J’ai vu un homme de soixante ans se mettre à entretenir l’actrice la plus capricieuse, la plus folle, la plus aimable, la plus étonnante du théâtre de Londres, miss Cornel. « Et vous prétendez qu’elle vous soit fidèle ? lui disait-on. — Pas le moins du monde ; seulement elle m’aimera, et peut-être à la folie. »

Et elle l’a aimé un an entier, et souvent à en perdre la raison ; et elle a été jusqu’à trois mois de suite sans lui donner de sujets de plainte. Il avait établi une pique d’amour-propre choquante, sous beaucoup de rapports, entre sa maîtresse et sa fille.

La pique triomphe dans l’amour-goût, dont elle fait le destin. C’est l’expérience par laquelle on différencie le mieux l’amour-goût de l’amour-passion. C’est une vieille maxime de guerre que l’on dit aux jeunes gens, lorsqu’ils arrivent au régiment, que si l’on a un billet de logement pour une maison où il y a deux sœurs, et que l’on veuille être aimé de l’une d’elles, il faut faire la cour à l’autre. Auprès de la plupart des femmes espagnoles jeunes, et qui font l’amour, si vous voulez être aimé, il suffit d’afficher de bonne foi et avec modestie que vous n’avez rien dans le cœur pour la maîtresse de la maison. C’est de l’aimable général Lassale que je tiens cette maxime utile. C’est la manière la plus dangereuse d’attaquer l’amour-passion.

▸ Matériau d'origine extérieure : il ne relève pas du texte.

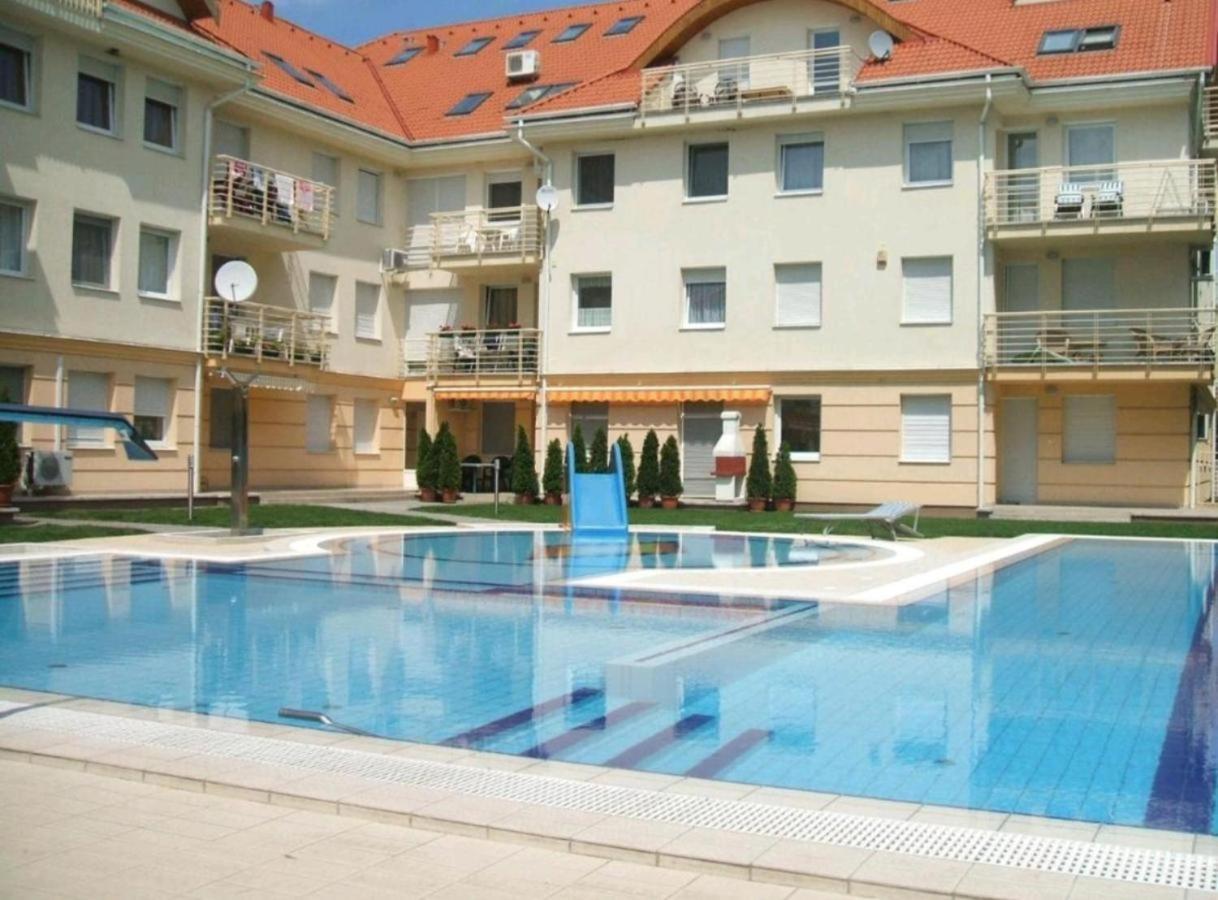 Mirage Wellness Apartman Hajduszoboszlo Exterior foto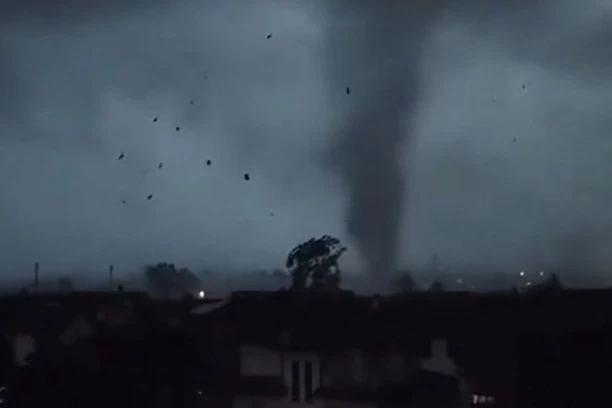 CRNI OBLACI I OPASNO VREME SVE BLIŽI SRBIJI! Evo da li će nas pogoditi SUPERĆELIJSKA OLUJA! Za nekoliko sati kreće HAOS!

La pique d’amour-propre fait le lien des mariages les plus heureux, après ceux que l’amour a formés. Beaucoup de maris s’assurent pour de longues années l’amour de leur femme en prenant une petite maîtresse deux mois après le mariage[1]. On fait naître l’habitude de ne penser qu’à un seul homme, et les liens de famille viennent la rendre invincible.

Si dans le siècle et à la cour de Louis XV l’on a vu une grande dame (madame de Choiseul) adorer son mari[2], c’est qu’il paraissait avoir un intérêt vif pour sa sœur la duchesse de Grammont.

  1. Voir les confessions d’un homme singulier (conte de mistress Opie).
  2. Lettres de madame du Deffant, Mémoires de Lauzun.